Last Updated February 2016

Law Enforcement and Government Demands Policy

Purpose

This Policy addresses situations where law enforcement officials or other competent government authorities (“Government Authority”) seek records from Krush Technologies, LLC or Krush Technologies, Inc. (collectively “Krush”). It is the responsibility of every Krush employee to maintain the confidentiality of customer, employee, and other information contained in Krush’s business records (“Business Records”), and to only disclose those Business Records consistent with the terms of this Policy.

Policy Statement

Krush is headquartered in the United States. In accordance with United States law, Krush will produce Business Records when compelled by court authorized warrants, subpoenas, and orders. Krush may also provide Business Records to an authorized user with that user’s written consent. The user will bear responsibility for any costs to the extent permitted by law. Krush accepts e-mail (law.enforcement@krush.com) of a valid subpoena.

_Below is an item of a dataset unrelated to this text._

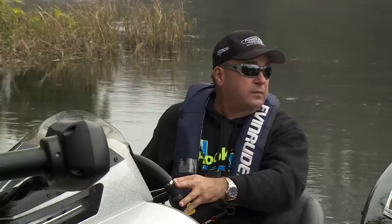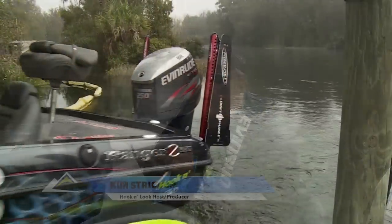Perfect. And that's another advanced technique on how to get the most out of your power pole anchors.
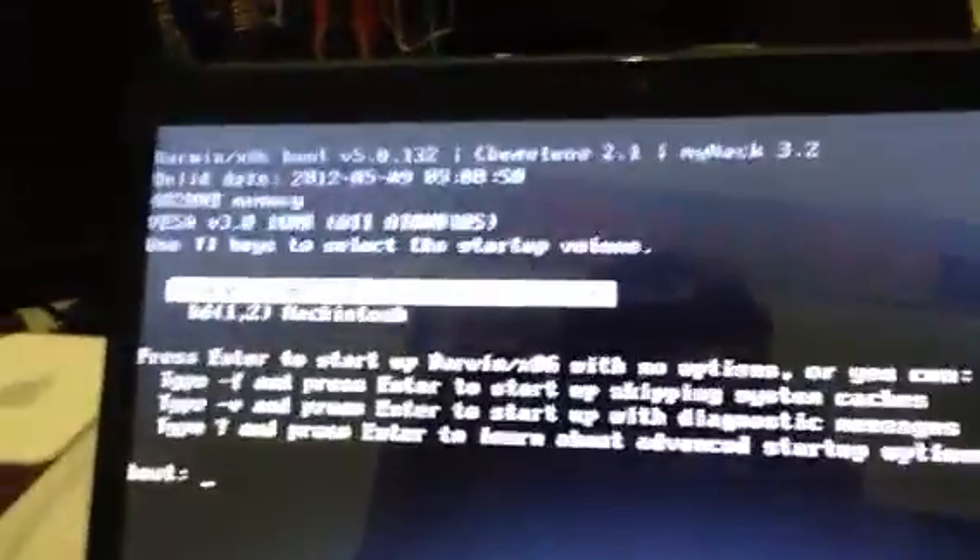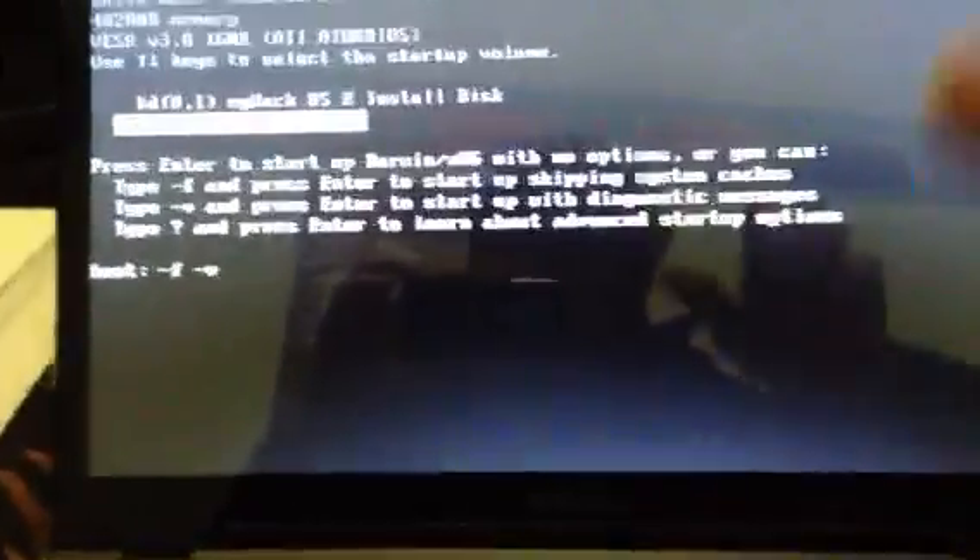I'll boot off my USB and it's gonna tell me your graphics card, your RAM, hard drives. I'll go down to Hackintosh, as you can see, and I'm gonna put in -f -v. You don't need to do this, but I'm going to.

For stored content, including text messages, media history, and video call history, the Stored Communications Act, 18 U.S.C. § 2701 et seq specifies the legal requirements governing these disclosures.

Child Safety

In responding to a matter involving imminent harm to a child or risk of death or serious physical injury to any person that requires disclosure of information without delay, Krush will only respond to messages from a Government Authority. Non-law enforcement officials or other users aware of an emergency situation should immediately and directly contact local law enforcement officials.

NCMEC

We report all apparent occurrences of child exploitation appearing on our service from anywhere in the world to the National Center for Missing and Exploited Children (NCMEC), including content drawn to our attention by requests from Government Authorities. NCMEC coordinates with the International Center for Missing and Exploited Children and law enforcement authorities from around the world. If a request relates to a child exploitation or safety matter, please specify those circumstances (and include relevant NCMEC report identifiers) in the request to ensure that we are able to address these matters expeditiously.

User Notice

Before making disclosures, our policy is to notify Krush users whenever we receive a request for their information, unless we are prohibited by law from doing so. We deviate from this policy only in exceptional circumstances, such as child exploitation cases, emergencies, or when notice to our user would be counterproductive. We will provide delayed notice upon expiration of a specific non-disclosure period in a court order, and where we have a good faith belief that exceptional circumstances no longer exist. Law enforcement officials who believe that notification would jeopardize an investigation should obtain an appropriate court order or other appropriate process establishing that notice is prohibited. If a Government Authority’s data request draws attention to an ongoing violation of our Terms of Use, we may take action to prevent further abuse, including actions that may notify the user that we are aware of their misconduct.

Process and Procedure

When a Government Authority presents a request for Business Records to a Krush employee or representative, it is the policy of Krush to conform to the following procedures:

  1. Review Process.

    If a court order or other legal demand compelling the production of the Business Records (“Order”) is presented, Krush will review it, with the assistance of counsel, for any legal defect, including: (i) the manner in which it was served, (ii) the breadth of the request, (iii) its form, or (iv) failure to conform to the Stored Communications Act and other applicable legal requirements. If a defect exists, Krush will consider the best method to proceed or resist the Order.
  2. Non-US Demands Process.

    It is the policy of Krush not to respond to an Order that exceeds the jurisdictional reach of the requesting Government Authority, and not to violate applicable privacy laws, anti-investigatory or “blocking” statutes, or other foreign data transfer restrictions (“Data Restrictions”) when responding to Orders. In “conflict” situations, where an applicable Order without legal defect would require the production of Business Records contrary to applicable Data Restrictions, Krush will determine how to respond with the assistance of counsel. The Government Authority must use the Mutual Legal Assistance Treaty request process or other comparable arrangements that would facilitate the production of information consistent with any applicable Data Restrictions.
  3. Strict Scope Limitations.

    If proper to produce Business Records in response to an Order, Krush will oversee the review of information that may be required to be produced in response to the Order before releasing the Business Records, and will follow the Order strictly. Krush’s policy is to withhold any information that is not specifically required in an Order, including by redacting portions of the Business Records, where appropriate. Krush may also consider whether to seek a reduction in the Order’s scope with the Government Authority.
  4. Protective Orders.

    If disclosure is required, Krush may ask the Government Authority or any relevant court to enter a protective order to keep Business Records confidential, and limit their use.

Penalties for Violation of this Policy

To the extent permitted by applicable law, employees are responsible for intentional or willful violations of this Policy, and may be terminated for cause when intentionally or willfully violating this Policy.